Solche historischen Annäherungen an das philosophische Bedenken sind selten, weil sie dem Wissenschaftsmodell der Geschichte widersprechen oder für eine pädagogische Geschichtspolitik zu sperrig bleiben. Die Wut der Erinnerung, welche die Deutschen seit drei Jahrzehnten plagt, zunehmend weniger, und begeistert, zunehmend mehr, fände an solchen Grenzen ein Scheidemittel, jenseits einer Fetischisierung "des Bösen" und einer zeremoniellen Trauer vor Mahnmalen, der jeder Tag zum Gedenktag wird. Der Weg zu solchen Grenzen ist einer der Relativierung anderer Art, denn wo die Totalisierung des politischen Gedenkens ein Mausoleum korrekter Erinnerung entstehen läßt, einen unversiegbaren Zitatenschatz im Ringen um den "Begriff des Politischen", des Feindes, da versucht die philosophische Annäherung ein Verständnis durch das Aufspüren umfassenderer Strukturen, um von dort zur analytischen "Sympathie" mit allen Tätern und zur emphatischen Erinnerung an alle Opfer zu gelangen, letztlich vielleicht zu einer Geschichtsschreibung, deren tiefer Ton tragisch ist und die ebendeshalb, weil sie auf den Menschen blickt, nie hoffnungslos bleibt.
Irgendwie ist Nolte zu dieser Grenze unterwegs: Er weiß es, nur haben die wenigsten seiner Leser und erst recht seiner Kontrahenten es bemerkt.
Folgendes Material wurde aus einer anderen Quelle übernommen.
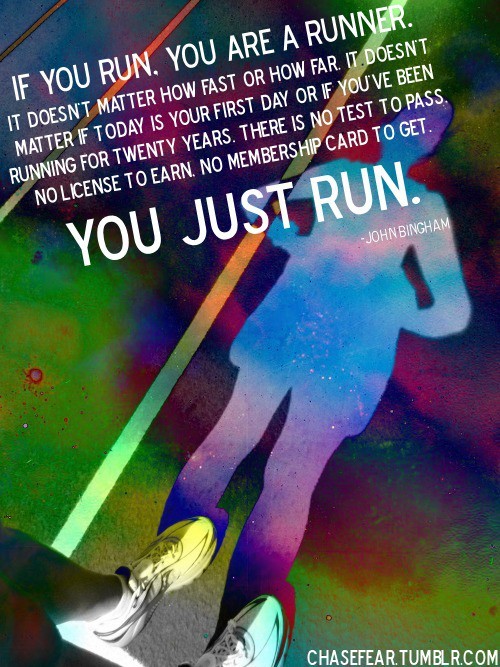 Running Quotes Tumblr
Die Unbegreiflichkeit und Einzigartigkeit des Geschehens in einem "Reich des Bösen", das sich gegen den "historisierenden" Versuch der Begreifbarkeit und Vergleichbarkeit sperrt, formt sich geistig erst jenseits der Grenzen der Historie: Wer in der Historie zu ihren Grenzen unterwegs ist, wird auf Begreifbarkeit, Kontext und struktureller Vergleichbarkeit bestehen und doch wissen, daß es noch anderes und mehr gibt.
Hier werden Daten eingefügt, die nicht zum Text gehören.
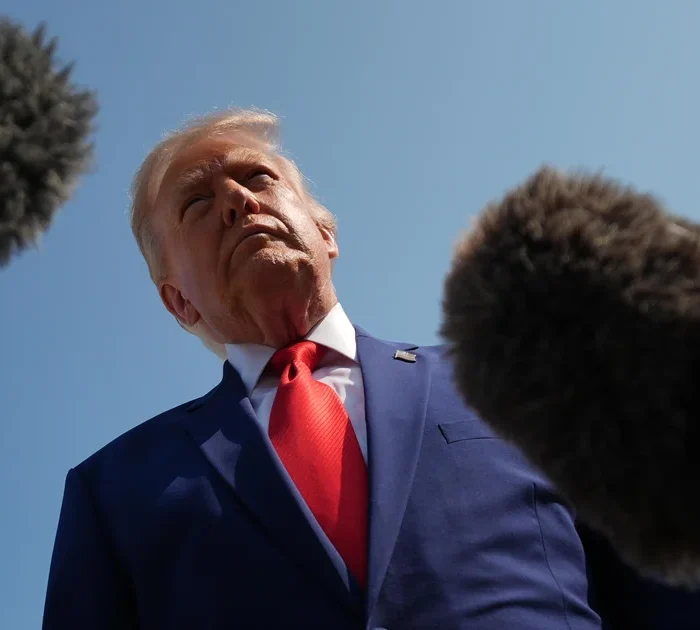 Dover in the Morning, Marietta by Afternoon: Trump’s Impossible Wednesday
Das philosophische Bemühen Noltes, seine Wendung von der Philosophie in die äußerste Präsenz der Geschichte, die Zeitgeschichte, auch als Teil einer Geschichte des eigenen Lebens, bildet demnach den Ansatzpunkt für jede Beschäftigung mit Denken und Werk Ernst Noltes im Buch Volker Kronenbergs, dessen zentrale Untersuchungen jedoch "Noltes Ideologiegeschichte der Moderne" gelten, die in drei großen Schritten ("Das Liberale System", "Der europäische Bürgerkrieg 1917 bis 1945", "Der Kalte Krieg") Noltes historiographische Ergründungsversuche der katastrophischen Moderne nachvollziehen. Drei kürzere Abschnitte resümieren Noltes Geschichtsdenken in den Kontexten der "jüdischen Dimension" der europäischen Geschichte des zwanzigsten Jahrhunderts, des Totalitarismuskonzepts als eines analytischen Werkzeugs sowie der Frage nach einer "historischen Existenz" am Ende eines Jahrhunderts, das unseren Leib nicht mehr besitzt, wohl aber immer noch unser Bewußtsein.
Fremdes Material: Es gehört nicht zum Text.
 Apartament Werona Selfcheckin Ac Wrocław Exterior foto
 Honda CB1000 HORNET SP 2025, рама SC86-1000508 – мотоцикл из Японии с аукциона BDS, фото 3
Die Hegemonie der Zeitgeschichte im Kontext historischer Erinnerung, ihr Machteffekt also, ist es jedoch, der den Namen des Berliner Historikers zu einem öffentlichen werden ließ und geradezu zum Synonym einer bestimmten Haltung fixierte, der des "unbelehrbaren Vergangenheitsverdrängers". Eine solche Haltung ist tödlich für den, dem sie zugeschrieben wird: nicht nur, weil er damit zur öffentlichen Unperson wird, kaum minder, weil sie - als Tatsache - die Zerstörung des eigenen Verstandes zur Konsequenz hätte. Eben weil die Geschichtsschreibung nicht, wie die Postmoderne glauben machen will, eine Abart der Literatur ist, bleibt sie der Beliebigkeit in ihrem Kern entzogen, so fiktiv, literarisch, interpretatorisch auch ihre Gestaltungsformen sein mögen. Aus diesem Kern aber ergeben sich Verantwortung und Verantwortlichkeit des Historikers. Entzieht sich Nolte jedoch dieser?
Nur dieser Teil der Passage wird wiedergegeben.